Electra is a character, but she is also an event: the assassination of Aegisthus and Clytemnestra by Orestes, who in this way avenges the killing of Agamemnon, his father, king of Argos. Orestes is the one holding the sword, it is he who will have to expiate the terrible punishment of the Erinyes. So… what does Electra have to do with this?
Since Aeschylus, Sophocles and Euripides, Electra has been crystallized in her relationship with Agamemnon: she is the one mourning her father’s death, hating her mother and living in anger. A personality or a stereotype that does not do justice to a character whose complexity makes her impossible to define. Perhaps it was attempting to tame this undefinable character that proved to be the hardest task for those who tried to rewrite her over the centuries. Almost as though the rewriting process resembled the excavation of a character; previously hidden amongst the clotted earth in the countryside that skirts the edges of Argos city.
However, resolving Electra is not possible. Agamemnon’s daughter is impossible to explain because she remains unresolved herself. Deprived of a father, a mother, a family and, most of all, an identity: no longer a princess but an exile, married to a poor farmer. No longer in a palace, but in a shelter. Incapable of being a wife and determined not to become mother to a son that could not be the proud holder of the title of prince.
The only roots of Electra’s identity can be traced to her being Orestes’ sister. Orestes: a homeless person with no father nor homeland, who was never taught what it means to be king.
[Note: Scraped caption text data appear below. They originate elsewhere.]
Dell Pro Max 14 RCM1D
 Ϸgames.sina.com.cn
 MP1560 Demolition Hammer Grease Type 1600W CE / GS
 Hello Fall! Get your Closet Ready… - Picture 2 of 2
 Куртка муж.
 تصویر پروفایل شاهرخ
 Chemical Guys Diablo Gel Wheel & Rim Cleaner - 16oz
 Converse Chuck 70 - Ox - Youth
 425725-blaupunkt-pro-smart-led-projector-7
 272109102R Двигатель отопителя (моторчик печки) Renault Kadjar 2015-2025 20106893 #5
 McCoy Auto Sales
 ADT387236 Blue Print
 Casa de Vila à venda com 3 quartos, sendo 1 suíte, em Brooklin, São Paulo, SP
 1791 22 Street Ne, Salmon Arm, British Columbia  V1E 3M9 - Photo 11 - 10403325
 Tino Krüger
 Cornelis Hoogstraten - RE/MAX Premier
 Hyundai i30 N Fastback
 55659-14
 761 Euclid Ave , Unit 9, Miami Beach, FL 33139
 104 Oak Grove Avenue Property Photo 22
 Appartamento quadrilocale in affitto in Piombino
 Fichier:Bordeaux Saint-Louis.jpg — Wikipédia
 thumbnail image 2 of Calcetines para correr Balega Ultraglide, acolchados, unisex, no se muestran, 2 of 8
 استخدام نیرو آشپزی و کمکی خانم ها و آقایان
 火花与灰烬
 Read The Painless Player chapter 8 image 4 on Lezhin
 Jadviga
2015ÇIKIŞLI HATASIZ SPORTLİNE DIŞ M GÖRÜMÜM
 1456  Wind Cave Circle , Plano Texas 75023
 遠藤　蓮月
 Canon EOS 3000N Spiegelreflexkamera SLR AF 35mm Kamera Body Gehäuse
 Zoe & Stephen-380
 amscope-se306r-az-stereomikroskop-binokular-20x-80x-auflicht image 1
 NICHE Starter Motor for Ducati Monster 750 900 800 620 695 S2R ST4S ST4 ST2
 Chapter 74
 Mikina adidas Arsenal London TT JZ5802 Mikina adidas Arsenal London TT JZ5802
Because Electra does not live the matricide as the person holding the knife.
Electra is the knife.
Once the fatal wounds have been inflicted, once the irreparable harm has been done, she’ll become rust in Orestes’s hands, and an ever-living memory of a murder. We will find her in subsequent events, next to her brother and to Pylades, her future husband, still. But she’ll no longer be herself. Maybe she’ll go back to being called Laodice. Or maybe she will no longer be.